# Task goal:
Leaving out any pictures, transcribe every record exactly.

○ ○ ○ ○ ○

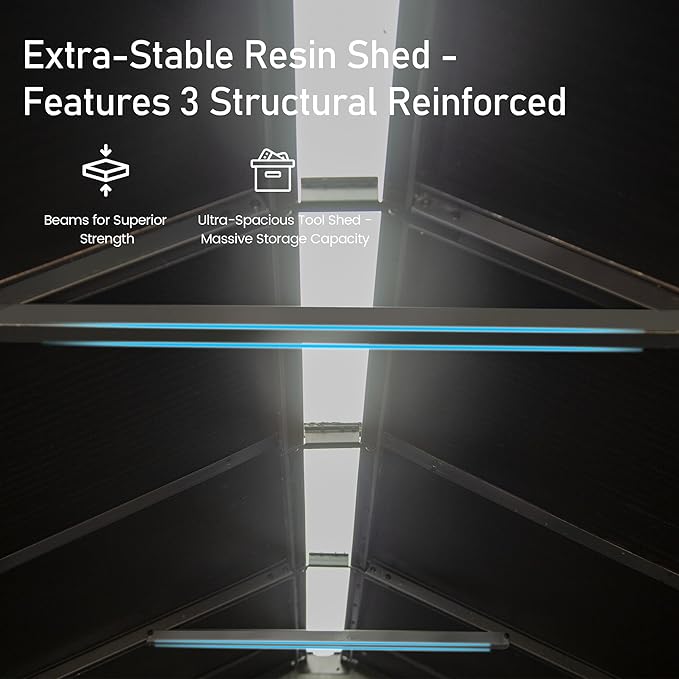 Domi 6x6 FT Outdoor Resin Storage Shed, All-Weather Double-Wall Storage Building for Backyard, Garden, Lawn Tools, Mower, Bike & Pool Equipment, Lockable Doors, Ventilated Roof, Grey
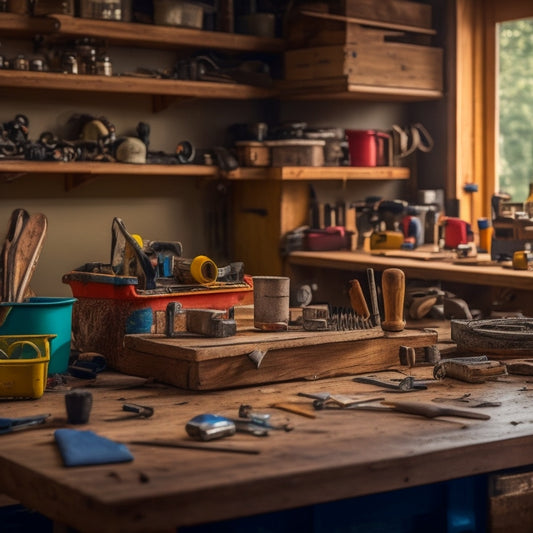 A cluttered DIY workshop with various finishing tools scattered on a wooden workbench, surrounded by half-finished renovation projects, with a blurred background of a home under construction.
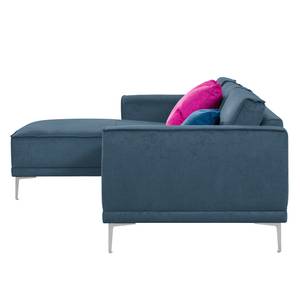 Ecksofa Grapefield Webstoff Meerblau - Longchair davorstehend links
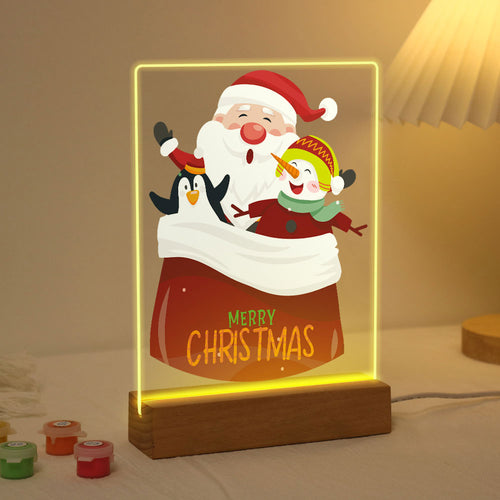 LED Light Display Base Wooden Paint by numbers 15x20cm Santa Claus 02
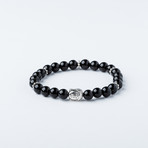 Onyx Bead Buddha Head Bracelet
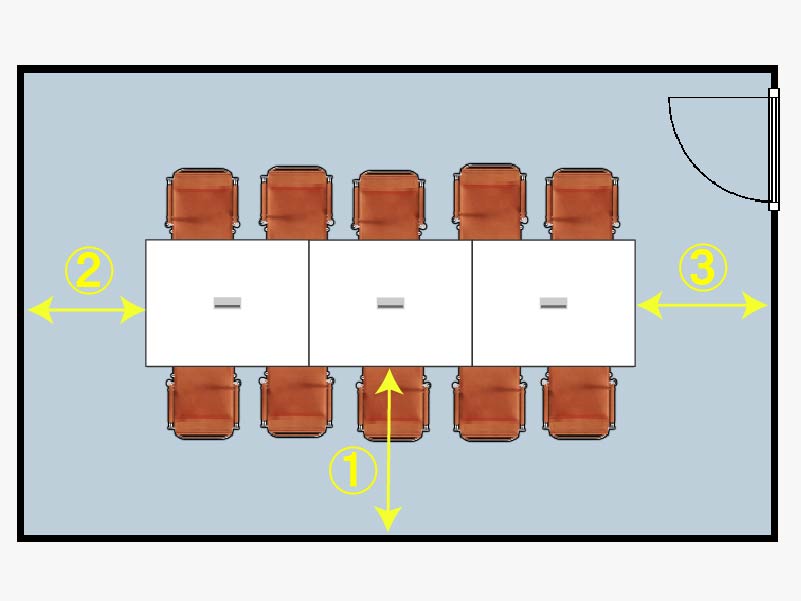 対面形式の会議室（8〜12人）レイアウトイメージ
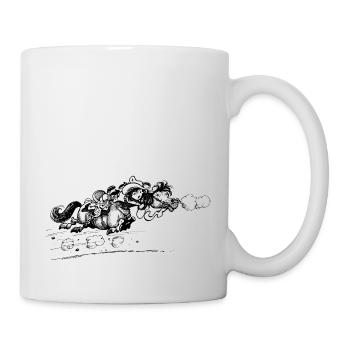 Thelwell Cartoon Westernpony rennt weg - Tasse - Weiß - Rechts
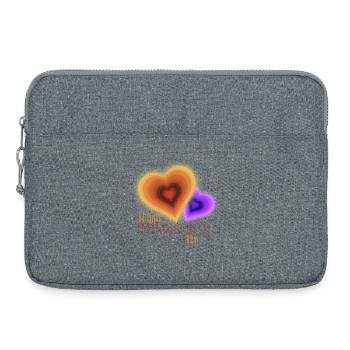 Valentine's Day - Groovy Flash Hearts - Laptop bag 15" - heather grey - Front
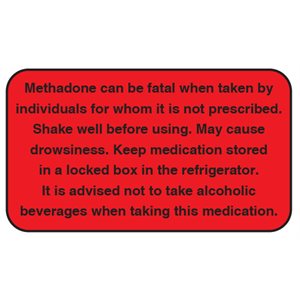 Label: "Methadone can be fatal..."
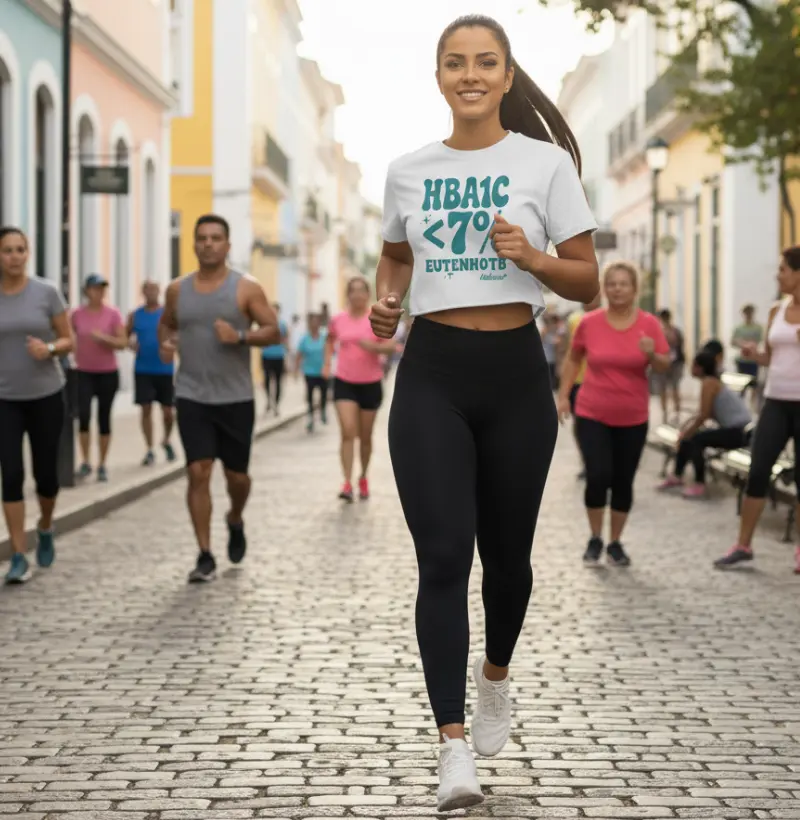 Camiseta Cropped Feminina 100% Algodão "HbA1c < 7%" - Tia Bete Veste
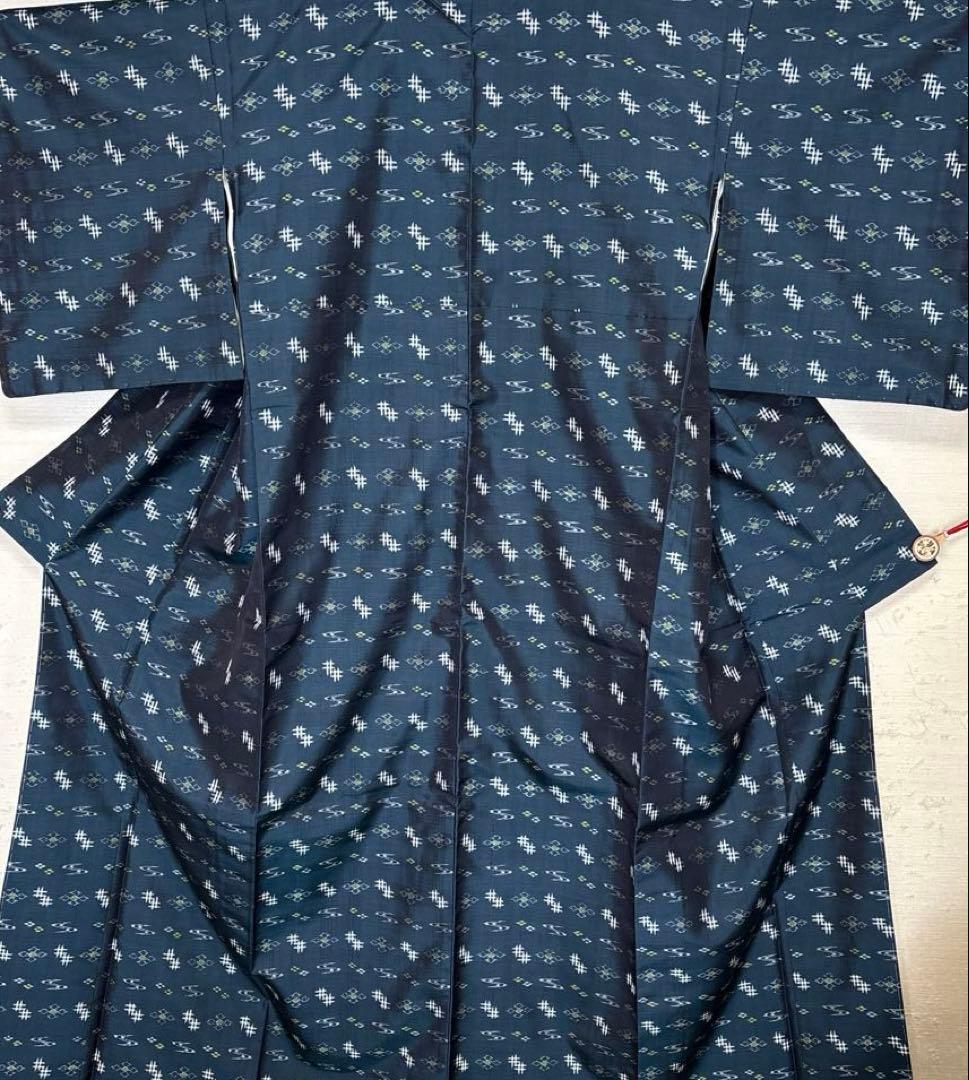 琉球絣　青緑　しつけ付き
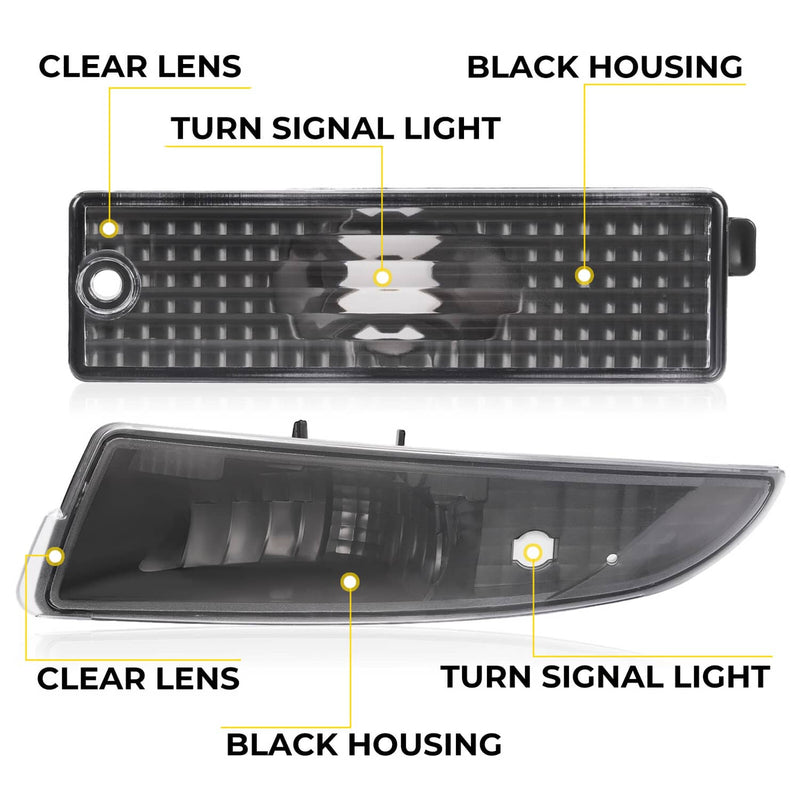 DURAFORCE Black Side Marker Turn Signal Light Bumper Lamp for Chevy Camaro 1993-2002 4PCS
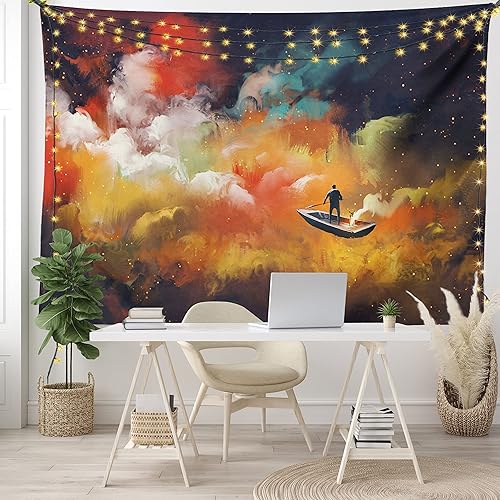 Miniatura 7 de Ambesonne Tapiz vintage, auto viejo frente a un edificio abandonado en La Habana, paisaje urbano cubano, colgante de pared ancho para dormitorio,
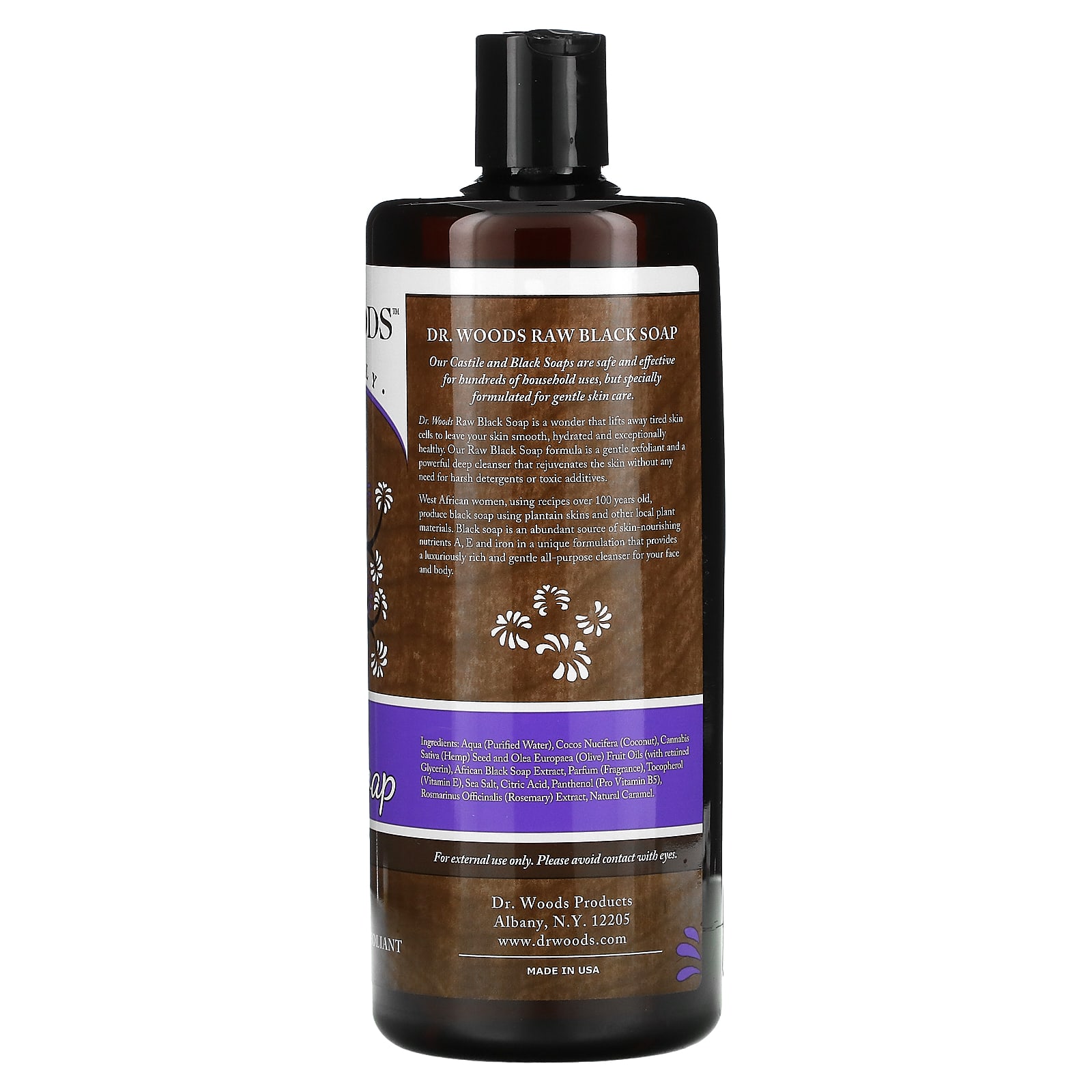 Dr. Woods, Raw Black Soap, Original, 32 fl oz (946 ml) Image 3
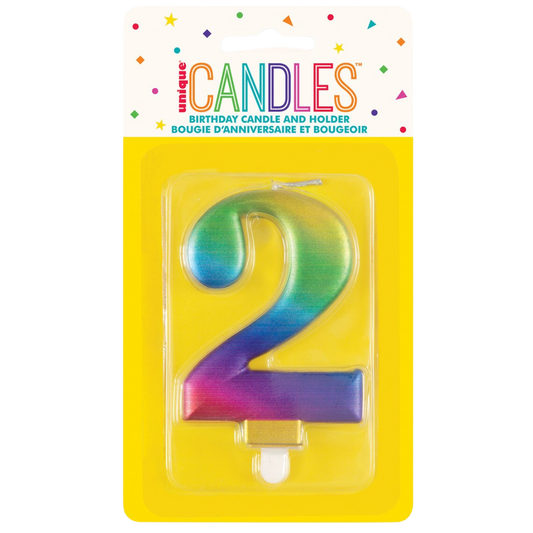 Numeral Candle Two [Col.:RAINBOW]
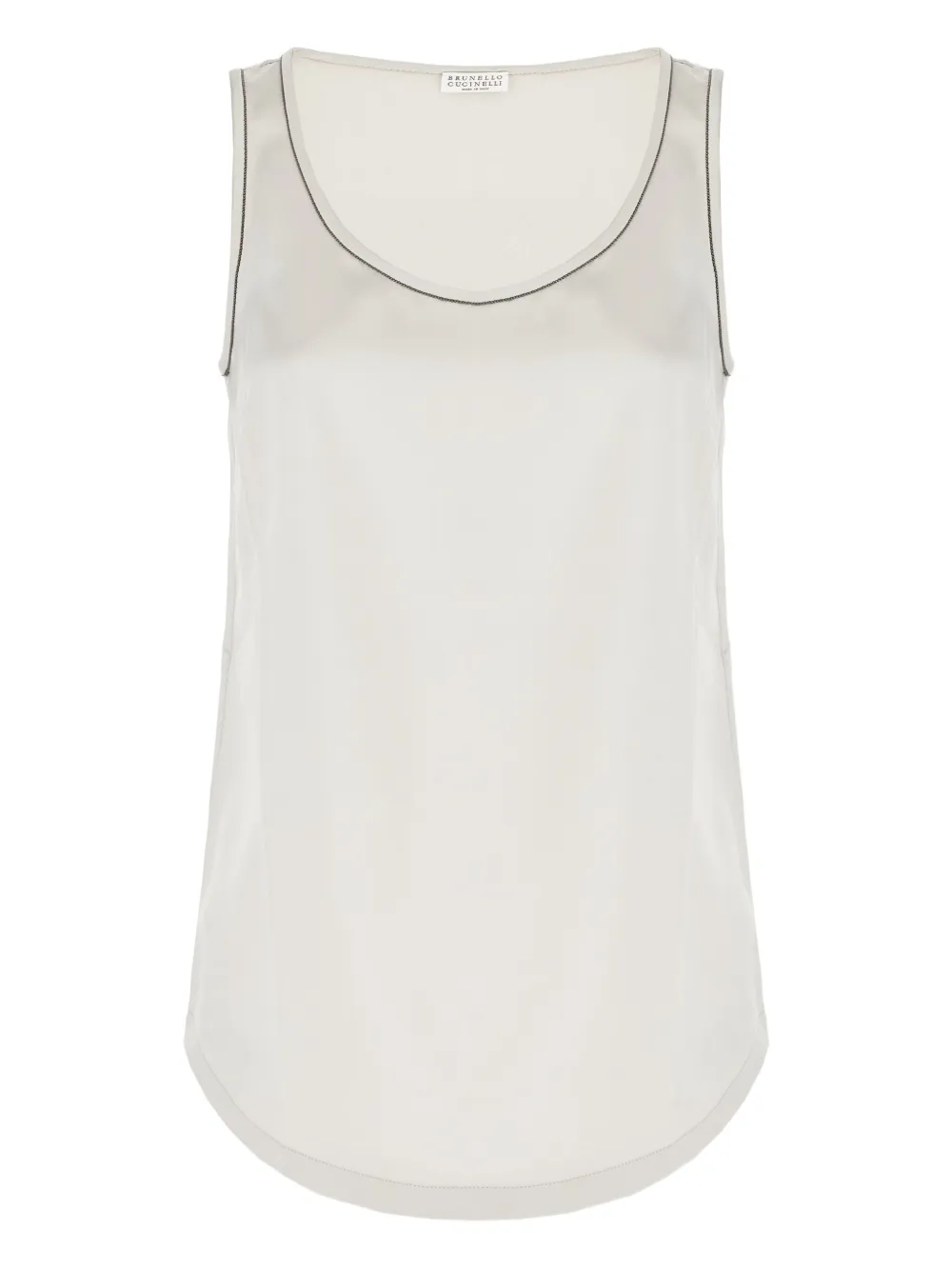 Brunello Cucinelli embellished-trim satin top | Neutrals | Image 1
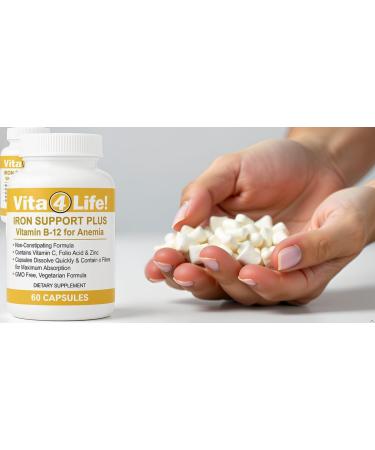 Vita4Life! Iron Support Plus - 40mg Iron with Vitamin C B-12 Folic Acid & Zinc - 60 Capsules - Non-Constipating Formula for Red Blood Cell Support & Energy - Vegetarian & GMO-Free - Buy Online on GoSupps.com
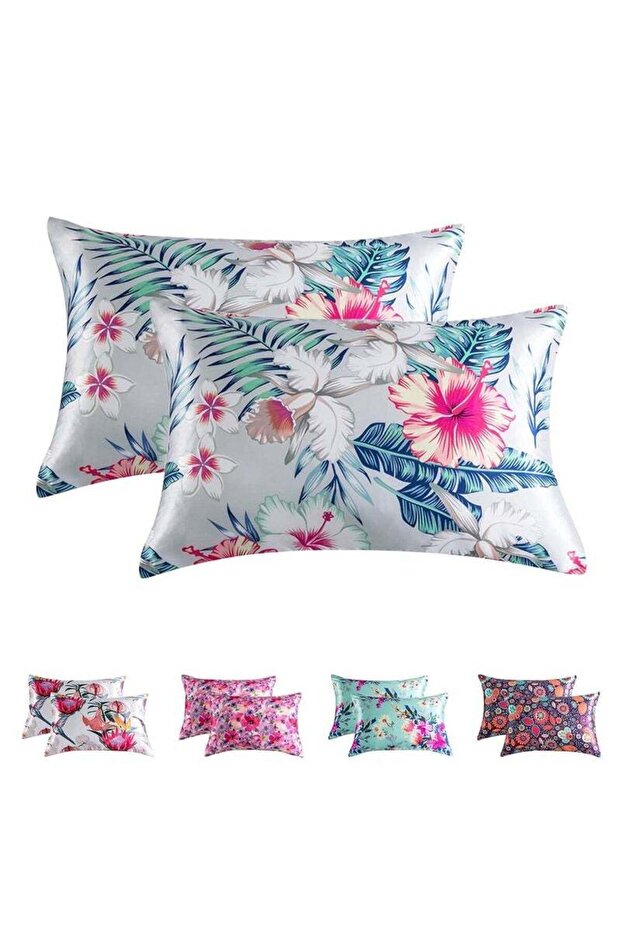 2-Piece Floral Silky Satin Pillow Cases, Envelope Closure for Hair & Skin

○ ○ ○ ○ ○

# Answer to this exercise:
 Domi 6x6 FT Outdoor Resin Storage Shed, All-Weather Double-Wall Storage Building for Backyard, Garden, Lawn Tools, Mower, Bike & Pool Equipment, Lockable Doors, Ventilated Roof, Grey
 A cluttered DIY workshop with various finishing tools scattered on a wooden workbench, surrounded by half-finished renovation projects, with a blurred background of a home under construction.
 Ecksofa Grapefield Webstoff Meerblau - Longchair davorstehend links
 LED Light Display Base Wooden Paint by numbers 15x20cm Santa Claus 02
 Onyx Bead Buddha Head Bracelet
 対面形式の会議室（8〜12人）レイアウトイメージ
 Thelwell Cartoon Westernpony rennt weg - Tasse - Weiß - Rechts
 Valentine's Day - Groovy Flash Hearts - Laptop bag 15" - heather grey - Front
 Label: "Methadone can be fatal..."
 Camiseta Cropped Feminina 100% Algodão "HbA1c < 7%" - Tia Bete Veste
 琉球絣　青緑　しつけ付き
 DURAFORCE Black Side Marker Turn Signal Light Bumper Lamp for Chevy Camaro 1993-2002 4PCS
 Miniatura 7 de Ambesonne Tapiz vintage, auto viejo frente a un edificio abandonado en La Habana, paisaje urbano cubano, colgante de pared ancho para dormitorio,
 Dr. Woods, Raw Black Soap, Original, 32 fl oz (946 ml) Image 3
 Numeral Candle Two [Col.:RAINBOW]
 Brunello Cucinelli embellished-trim satin top | Neutrals | Image 1
 Vita4Life! Iron Support Plus - 40mg Iron with Vitamin C B-12 Folic Acid & Zinc - 60 Capsules - Non-Constipating Formula for Red Blood Cell Support & Energy - Vegetarian & GMO-Free - Buy Online on GoSupps.com
 2-Piece Floral Silky Satin Pillow Cases, Envelope Closure for Hair & Skin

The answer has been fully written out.